Prosess involves a conversation between the textile artist Tove Ulla (meaning “felting wool”) and a sheep, Lanolin, with occasional interjections about the tradition of felting from a basket of wool. The story echoes the challenge faced by Norwegian craft in trying to make theory more accessible to makers.
Tove Ulla is an earthy figure who draws on the carnivalesque compilation Erotic Folktales collected by the duo Asbjørnsen and Moe, a Norwegian version of the brothers Grimm. The characters are dressed in the style of the National Romantic Era of nineteenth-century Norway, featuring the handsome bunad costume.
For Siri, the character Tove Ulla evokes some of the women with whom she studied textiles: “There was a lot of focus on felting and weaving. Many women came from farming. They have their own sheep and they use the wool from the sheep to make clothes for them.“
The sheep called Lanolin, by contrast, is a “woolly-headed” theoretical type who is desperate to be featured in the visual arts e-flux platform. He comes up with the concept of “localism” in an attempt to give a veneer of sophistication to the homespun.

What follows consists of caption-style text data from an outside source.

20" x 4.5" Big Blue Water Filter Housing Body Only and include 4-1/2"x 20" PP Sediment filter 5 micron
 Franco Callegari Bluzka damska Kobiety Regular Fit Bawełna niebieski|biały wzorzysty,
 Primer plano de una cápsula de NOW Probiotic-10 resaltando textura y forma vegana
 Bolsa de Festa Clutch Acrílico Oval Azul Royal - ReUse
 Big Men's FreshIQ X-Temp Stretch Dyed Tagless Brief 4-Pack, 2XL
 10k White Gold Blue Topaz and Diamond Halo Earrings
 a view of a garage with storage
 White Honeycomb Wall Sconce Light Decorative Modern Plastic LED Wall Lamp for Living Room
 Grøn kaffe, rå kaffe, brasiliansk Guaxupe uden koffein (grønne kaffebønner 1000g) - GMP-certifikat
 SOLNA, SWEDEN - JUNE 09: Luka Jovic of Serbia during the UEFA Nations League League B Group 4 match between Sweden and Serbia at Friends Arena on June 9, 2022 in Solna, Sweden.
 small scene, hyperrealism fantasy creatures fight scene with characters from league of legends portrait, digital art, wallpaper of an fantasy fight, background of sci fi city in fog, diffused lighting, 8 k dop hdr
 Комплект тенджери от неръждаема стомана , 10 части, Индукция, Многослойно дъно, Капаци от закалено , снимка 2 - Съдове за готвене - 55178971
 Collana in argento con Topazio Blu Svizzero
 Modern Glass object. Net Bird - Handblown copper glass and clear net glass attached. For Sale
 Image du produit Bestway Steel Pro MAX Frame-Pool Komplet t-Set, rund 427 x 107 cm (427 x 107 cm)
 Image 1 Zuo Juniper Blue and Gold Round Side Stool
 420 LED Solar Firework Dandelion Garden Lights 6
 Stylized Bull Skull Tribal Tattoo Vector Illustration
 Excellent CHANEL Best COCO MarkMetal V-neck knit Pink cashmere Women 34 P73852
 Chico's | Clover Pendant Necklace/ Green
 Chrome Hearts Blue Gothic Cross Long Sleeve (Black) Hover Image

Prosess is quite unusual in the way it creates an ironic space between making and thinking. As academic craft grows in profile, much writing can seem abstract and removed from the experience of makers. This can lead to resentment, or worse, indifference.
These videos are not philistine or anti-intellectual. It is just a recognition that thinking and making need to be in balance. As Wittgenstein once thought, there’s a point at which conceptualisation reaches its limit. Words cannot subsume the hand. The occasional poke like Prosess keeps craft thinkers (like me) in their place.
Accordingly, the thinker-maker residencies in Garland’s second journey try to reflect this balance. While we learn important ideas that inform their work, there’s a point when the object and its making speaks for itself.
As the Norwegians say, “No fish without bones”.